• [DATASET]:
* * *

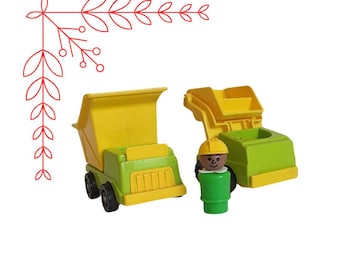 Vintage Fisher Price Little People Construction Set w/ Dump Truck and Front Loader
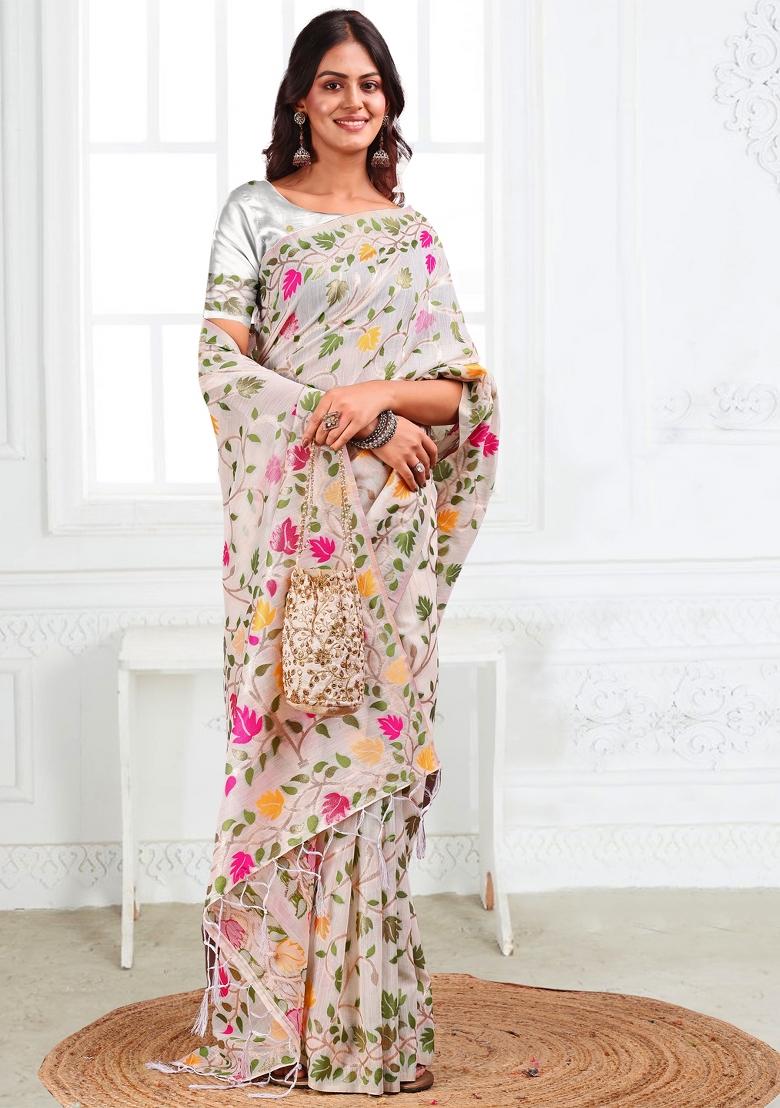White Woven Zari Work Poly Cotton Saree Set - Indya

* * *

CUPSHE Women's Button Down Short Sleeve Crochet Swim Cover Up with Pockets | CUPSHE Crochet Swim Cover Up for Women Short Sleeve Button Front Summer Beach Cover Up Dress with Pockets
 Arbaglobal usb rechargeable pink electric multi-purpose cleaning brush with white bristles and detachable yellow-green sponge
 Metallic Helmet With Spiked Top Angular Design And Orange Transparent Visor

* * *

Precisely those lines above that run from the line with "Vintage Fisher Price" up to and including the line with "White Woven Zari" are to be set down, with the pictures omitted.

• [YOUR SOLUTION]:
 Vintage Fisher Price Little People Construction Set w/ Dump Truck and Front Loader
White Woven Zari Work Poly Cotton Saree Set - Indya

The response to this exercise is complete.